PEGPH20 3 ug/kg + Gemcitabine 1000mg/m2 + nab-Paclitaxel 125mg/m2 Dexamethasone 8mg PO 1-2
hours pre-PEGPH20 and PO 8-to-12 hours post-PEGPH20

- Gemcitabine and nab-paclitaxel will be administered 2-4 hours post-PEGPH20.

- Neoadjuvant therapy will be four 28-day cycles with CT chest, abdomen and pelvis scans
and CA 19-9 measurements every 8 weeks. Patients will be taken off of the study if
there is any evidence of disease progression.

- After four cycles of neoadjuvant therapy, patients will be evaluated for surgical
resection depending on the CT scan findings obtained on cycle 4, day 21.

- If they have resectable disease, they will have a functional MRI following the
restaging CT scan.
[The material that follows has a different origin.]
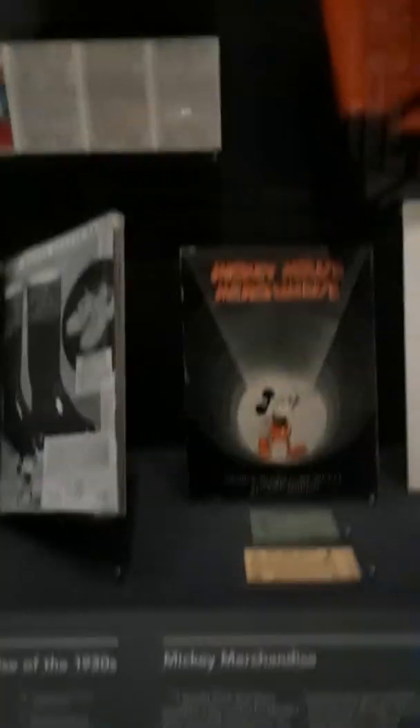Look at this Mickey Mouse memorabilia — some of the first Mickey Mouse dolls and Mickey Mouse merchandise. We have a projector of Mickey Mouse, a turntable, phones, and a lot of cool stuff. My aunt Niffa would have loved this — she was a Disney lover and historian, everything.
If patients have successful resection, they will receive 2
additional cycles of gemcitabine and nab-paclitaxel. If they are found to have
unresectable disease in the operating room, an intra-operative core biopsy will be
obtained.

- If they have unresectable disease on the restaging scans following 4 cycles of therapy,
they will be taken off of the study.

Inclusion Criteria:

- Greater than or equal to 18 years old

- Histologically confirmed pancreatic adenocarcinoma

- Borderline resectable disease

- Performance status of ECOG of 0-1

- Therapy naïve

- Evaluable disease with either:

- RECIST-defined measurable disease

- An elevated serum CA19-9 >100 u/ml

- Adequate organ function including:

- Bone marrow: ANC ≥1500/mm3, platelets ≥100,000/mm3 and hemoglobin ≥ 9 g/dL

- Hepatic: Serum total bilirubin ≤1.5 x upper limit of normal (ULN), ALT

- (SGPT) and AST (SGOT) ≤ 2.5 x ULN.

- Renal: Serum creatinine (sCr) ≤ 1.5 x ULN, or creatinine clearance (Ccr) ≥ 40 mL/min
as calculated by the Modified Cockcroft-Gault formula.
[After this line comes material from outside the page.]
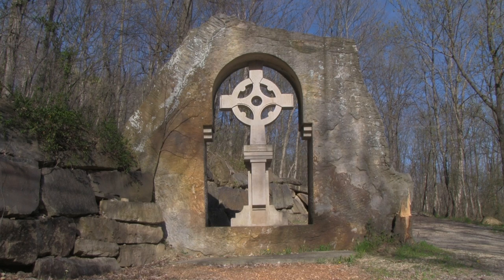The world's largest Celtic cross cut from a single stone is a free and fun roadside attraction.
- Peripheral neuropathy < grade 2

- Alkaline phosphatase ≤ 2X ULN unless bone metastasis is present in the absence of
liver metastasis

Exclusion Criteria:

- Age younger than 18 years old

- Locally advanced or metastatic disease

- Known allergy to hyaluronidase

- Contraindications to prophylactic dose LMWH, including

- Patients with recent gastrointestinal bleeding

- History of heparin induce thrombocytopenia on LMWH

- Subjects with previous severe hemorrhagic events on LMWH

- Known contraindications to heparin including:

- Recent central nervous system bleed, intracranial or spinal lesion at high risk for
bleeding

- Active bleeding (major): more than 2 units transfused in 24 hours

- Spinal anesthesia/lumbar puncture within the past month

- Chronic, clinically significant measurable bleeding > 48 hours

- Severe platelet dysfunction (uremia, medications, dysplastic hematopoiesis)

- Recent major operation at high risk for bleeding

- Underlying hemorrhagic coagulopathy High risk for falls (head trauma)

- Presence of metal biliary stents (plastic biliary stents are not an exclusion)

- Known status of HIV which is not well-controlled at the time of study eligibility

- Untreated Hepatitis B infection

- Active infection or antibiotics within 48 hours prior to study

- Currently active second primary malignancy or history of malignancy less than 5 years
prior to the time of study eligibility (Patients with history of skin cancers
excluding melanoma will be eligible for participation).

- Serious medical comorbidities such as New York Heart Association Class III/IV cardiac
disease, uncontrolled cardiac arrhythmias, myocardial infarction over the past 12
months.

- Patients with aneurysm clips, ear implants, spinal nerve stimulators, pacemaker,
shrapnel or any other metal in their body (contraindication for MRI scans)

- Known, existing uncontrolled coagulopathy. Patients who have had a venous
thromboembolic event (e.g., pulmonary embolism or deep vein thrombosis) requiring
anticoagulation are eligible IF: they are appropriately anticoagulated and have not
had a Grade 2 or greater bleeding episode in the 3 weeks before Day 1.

- Current use of warfarin (patients will be eligible if warfarin is discontinued and
low-molecular weight heparin is used instead).

- Intolerance to dexamethasone

- Prior history of cerebrovascular accident or transient ischemic attack, or
pre-existing carotid artery disease.

- Known pregnancy, nursing women or positive pregnancy test.

- Any condition that would preclude informed consent, consistent follow-up and
compliance for the study participation.